By contrast, some days I’m out with Jake the beagle for an after-work walk at 5:30 p.m. (I mean after my work. Jake doesn’t have a job, unless you count leaving little black hairs all over the bedspread). In the early evening there are cars going by as people head home from work, in winter, lights are ablaze in most houses, and an occasional almost-empty bus passes by. (Shouldn’t buses have somebody in them during evening rush hour? This one doesn’t.) But Jake and I can go for several blocks and not encounter another person on foot. Weird.
One reason that being up really
early can feel kind of cool is that it is a reminder of other times that I’ve been up early, like to leave on a long road trip. A couple of times when we were young and foolish Sharon and I drove from Nashville to Amelia Island, Fla., in one day. This requires crossing the state of Georgia diagonally (Amelia Island is on the east coast of Florida near Jacksonville), and is a hellish
drive, especially in an unairconditioned Volkswagen. But when we were packing up and leaving way before dawn I remember being in a great mood. There’s something about knowing that before the day is done you will be walking on the beach and feeling the waves lap your feet that makes getting up early feel like an adventure. (It’s later, somewhere around Tifton, Ga., that the adventure wears off. Big time.)
The first time I have a distinct memory of getting up before dawn was when I was 10 or so and my dad took me to work with him. Dad worked for the 7UP company then, and had to be at work at 5:30 or 6 in the morning. I was on summer vacation from school and kept bugging him to take me with him. And one day he relented—I’m sure after talking it over with Mom—and said I could go the next day.
I was so sleepy, and so excited. Dad drove a truck and his route covered, among other places, Gatlinburg and Townsend near the Great Smoky Mountians National Park. So he went to the company offices and garage to pick up his truck and introduced me around to the other guys he worked with. Noting my sleepy face, one of them told Dad he should be ashamed to have me out so early.

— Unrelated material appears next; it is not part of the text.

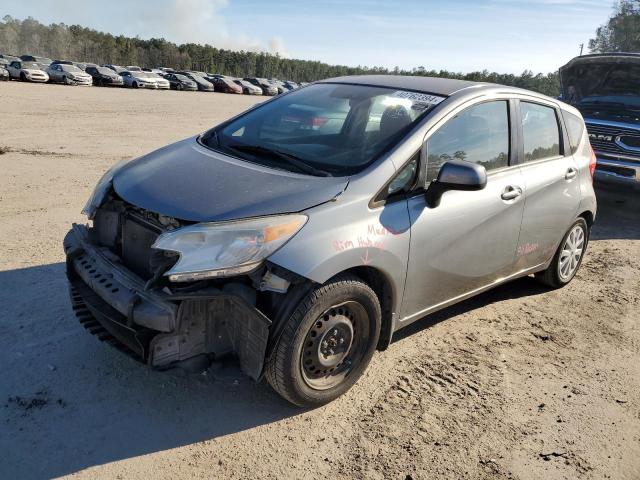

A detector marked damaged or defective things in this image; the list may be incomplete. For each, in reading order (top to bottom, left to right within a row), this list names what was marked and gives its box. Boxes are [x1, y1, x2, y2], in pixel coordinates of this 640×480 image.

“He said he wanted to come,” Dad said with a grin.
Another driver told me that my momma must sure be pretty for such an ugly daddy to have such a good looking boy. Dad laughed a lot a this—I think everybody gathered around did—and I somehow knew this was a high compliment to the whole family.

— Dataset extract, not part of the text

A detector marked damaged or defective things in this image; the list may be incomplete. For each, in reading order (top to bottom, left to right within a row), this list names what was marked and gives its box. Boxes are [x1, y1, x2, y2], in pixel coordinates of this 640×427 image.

This was my introduction to the world of work. There was smoking. There was cussing. One guy had a naked lady calendar on his wall. Dad and I spent the whole day together on his trucks making deliveries, and I don’t think I stopped talking about it for about a month.

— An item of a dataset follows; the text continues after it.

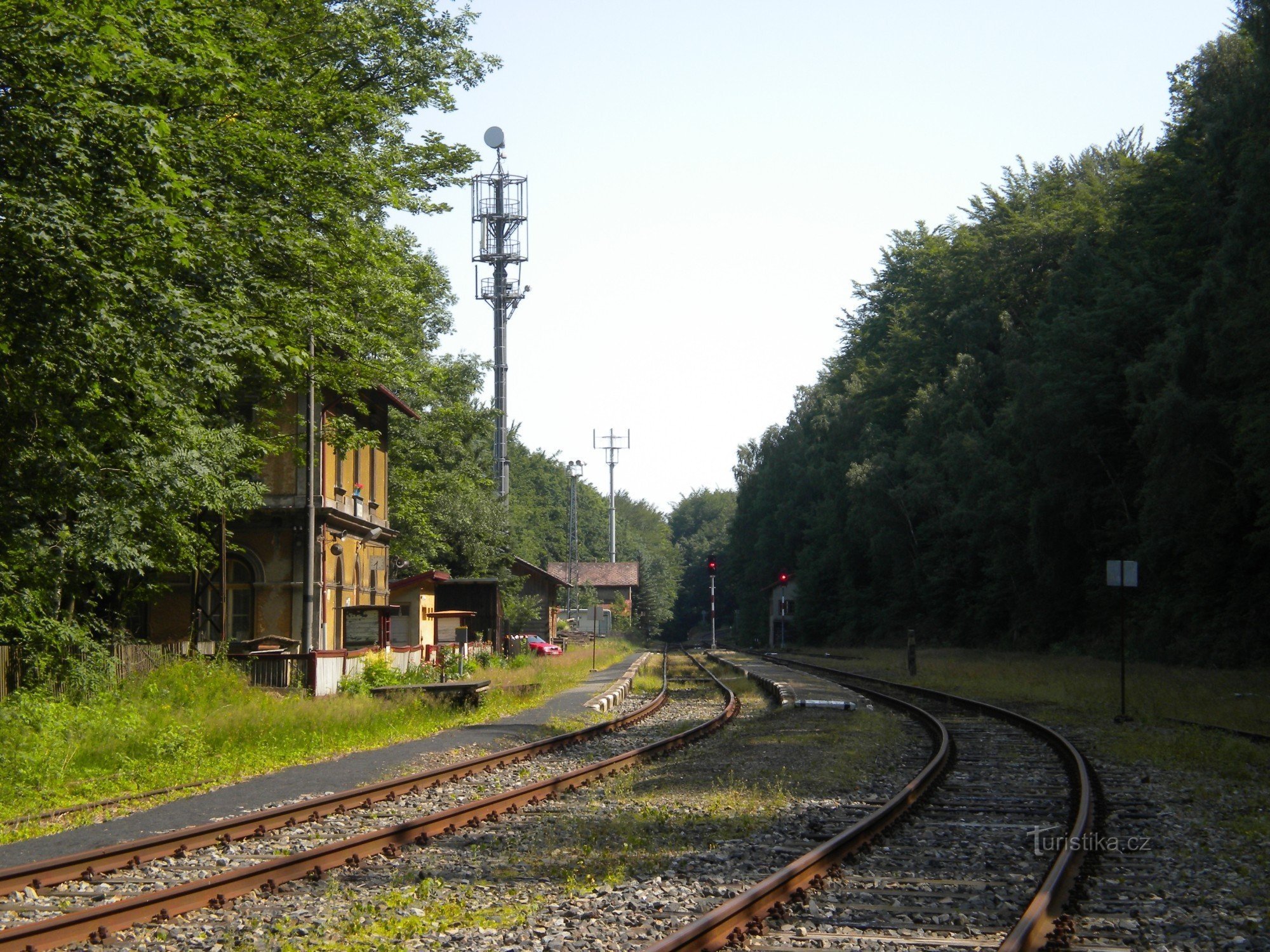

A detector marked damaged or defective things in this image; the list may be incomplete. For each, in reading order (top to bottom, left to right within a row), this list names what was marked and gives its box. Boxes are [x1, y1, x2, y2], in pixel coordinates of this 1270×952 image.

rusty metal rail surface [0, 655, 671, 904]
rusty metal rail surface [0, 650, 742, 952]
rusty metal rail surface [640, 665, 950, 952]
rusty metal rail surface [757, 655, 1097, 952]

So I guess somewhere in my mind I know that sometimes great days begin before dawn, whether it’s headed for the beach with the woman I love or headed to Gatlinburg at Dad’s side with a truckload of 7UP and feeling so cool and grown up.
But I’m just as happy saving that for special occasions. Tomorrow—just let me sleep in.
(Wood is editor of House Organ, Director of Publications for VUMC, and author of Watching the Wheels: Cheap Irony, Righetous Indignation, and Semi-Enlighted Opinion, which is a collection of past columns.)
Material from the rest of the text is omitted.